# Work instructions:
From the data below, repeat exactly the lines from the line with "AUDI-Q5-2023" to the line with "FashionForward Louis Vuitton Rings 248396", both included.

# Data section:
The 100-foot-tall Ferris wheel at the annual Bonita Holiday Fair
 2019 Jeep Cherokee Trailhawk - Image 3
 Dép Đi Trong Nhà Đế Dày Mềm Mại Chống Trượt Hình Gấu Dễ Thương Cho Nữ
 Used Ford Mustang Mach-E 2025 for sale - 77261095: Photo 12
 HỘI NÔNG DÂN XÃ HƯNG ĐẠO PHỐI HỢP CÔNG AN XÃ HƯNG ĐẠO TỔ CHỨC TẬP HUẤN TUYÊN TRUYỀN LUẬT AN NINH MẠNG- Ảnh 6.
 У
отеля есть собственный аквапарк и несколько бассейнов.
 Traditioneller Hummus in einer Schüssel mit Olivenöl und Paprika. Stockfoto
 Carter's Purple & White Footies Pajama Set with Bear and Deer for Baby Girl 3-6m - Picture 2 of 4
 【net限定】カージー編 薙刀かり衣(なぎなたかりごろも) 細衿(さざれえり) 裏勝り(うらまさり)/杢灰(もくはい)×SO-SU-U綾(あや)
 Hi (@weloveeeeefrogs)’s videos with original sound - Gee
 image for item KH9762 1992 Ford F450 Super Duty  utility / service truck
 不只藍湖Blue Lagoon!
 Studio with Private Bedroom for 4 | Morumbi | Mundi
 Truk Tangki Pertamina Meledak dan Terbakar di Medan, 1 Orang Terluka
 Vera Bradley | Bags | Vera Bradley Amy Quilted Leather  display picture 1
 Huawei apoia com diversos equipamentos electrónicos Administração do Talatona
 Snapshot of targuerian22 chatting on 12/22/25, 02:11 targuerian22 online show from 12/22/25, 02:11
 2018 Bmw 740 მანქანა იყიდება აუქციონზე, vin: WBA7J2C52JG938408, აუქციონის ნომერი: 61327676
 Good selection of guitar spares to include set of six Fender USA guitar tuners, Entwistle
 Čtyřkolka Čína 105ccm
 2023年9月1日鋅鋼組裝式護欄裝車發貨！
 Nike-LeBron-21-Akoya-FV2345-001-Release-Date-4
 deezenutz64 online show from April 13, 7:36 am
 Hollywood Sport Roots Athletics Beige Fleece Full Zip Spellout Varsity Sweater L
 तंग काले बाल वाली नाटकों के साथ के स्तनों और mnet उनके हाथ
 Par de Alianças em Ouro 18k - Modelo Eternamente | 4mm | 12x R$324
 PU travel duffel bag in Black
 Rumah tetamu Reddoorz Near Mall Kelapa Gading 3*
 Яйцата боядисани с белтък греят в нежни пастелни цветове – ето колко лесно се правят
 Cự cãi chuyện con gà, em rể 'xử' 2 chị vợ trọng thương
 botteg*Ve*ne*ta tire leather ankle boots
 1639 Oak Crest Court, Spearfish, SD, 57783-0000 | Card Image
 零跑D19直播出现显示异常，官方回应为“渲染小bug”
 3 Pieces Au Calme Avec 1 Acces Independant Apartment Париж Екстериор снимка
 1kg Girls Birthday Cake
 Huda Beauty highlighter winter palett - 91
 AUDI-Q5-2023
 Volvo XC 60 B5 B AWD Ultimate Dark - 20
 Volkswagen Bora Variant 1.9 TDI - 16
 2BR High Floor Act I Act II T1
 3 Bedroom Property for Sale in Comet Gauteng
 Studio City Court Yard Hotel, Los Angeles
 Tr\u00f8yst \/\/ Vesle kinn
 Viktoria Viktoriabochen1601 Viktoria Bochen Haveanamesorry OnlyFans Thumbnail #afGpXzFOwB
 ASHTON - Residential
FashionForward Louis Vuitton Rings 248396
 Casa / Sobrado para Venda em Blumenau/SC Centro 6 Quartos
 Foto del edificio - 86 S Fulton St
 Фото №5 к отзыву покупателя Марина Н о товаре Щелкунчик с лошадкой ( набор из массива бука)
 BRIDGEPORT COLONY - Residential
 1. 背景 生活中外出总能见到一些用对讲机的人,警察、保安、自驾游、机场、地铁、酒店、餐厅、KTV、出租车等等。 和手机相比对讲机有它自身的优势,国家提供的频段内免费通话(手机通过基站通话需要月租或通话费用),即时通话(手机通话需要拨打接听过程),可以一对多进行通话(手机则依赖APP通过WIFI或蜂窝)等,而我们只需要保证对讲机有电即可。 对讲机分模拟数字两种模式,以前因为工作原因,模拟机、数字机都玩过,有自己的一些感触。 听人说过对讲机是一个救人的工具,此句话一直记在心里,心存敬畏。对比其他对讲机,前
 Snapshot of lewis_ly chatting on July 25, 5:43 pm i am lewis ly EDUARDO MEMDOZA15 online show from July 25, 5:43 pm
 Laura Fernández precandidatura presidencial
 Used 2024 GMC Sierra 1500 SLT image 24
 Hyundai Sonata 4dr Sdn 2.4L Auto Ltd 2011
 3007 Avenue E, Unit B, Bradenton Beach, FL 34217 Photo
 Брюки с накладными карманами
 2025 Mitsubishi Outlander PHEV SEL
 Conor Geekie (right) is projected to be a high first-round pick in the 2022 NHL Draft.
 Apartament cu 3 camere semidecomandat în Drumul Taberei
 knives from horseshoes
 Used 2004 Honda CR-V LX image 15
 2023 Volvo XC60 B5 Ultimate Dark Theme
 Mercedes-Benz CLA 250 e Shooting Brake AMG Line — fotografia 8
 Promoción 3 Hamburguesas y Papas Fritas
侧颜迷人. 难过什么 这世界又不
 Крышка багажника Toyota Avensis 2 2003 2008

# Response to the task:
 AUDI-Q5-2023
 Volvo XC 60 B5 B AWD Ultimate Dark - 20
 Volkswagen Bora Variant 1.9 TDI - 16
 2BR High Floor Act I Act II T1
 3 Bedroom Property for Sale in Comet Gauteng
 Studio City Court Yard Hotel, Los Angeles
 Tr\u00f8yst \/\/ Vesle kinn
 Viktoria Viktoriabochen1601 Viktoria Bochen Haveanamesorry OnlyFans Thumbnail #afGpXzFOwB
 ASHTON - Residential
FashionForward Louis Vuitton Rings 248396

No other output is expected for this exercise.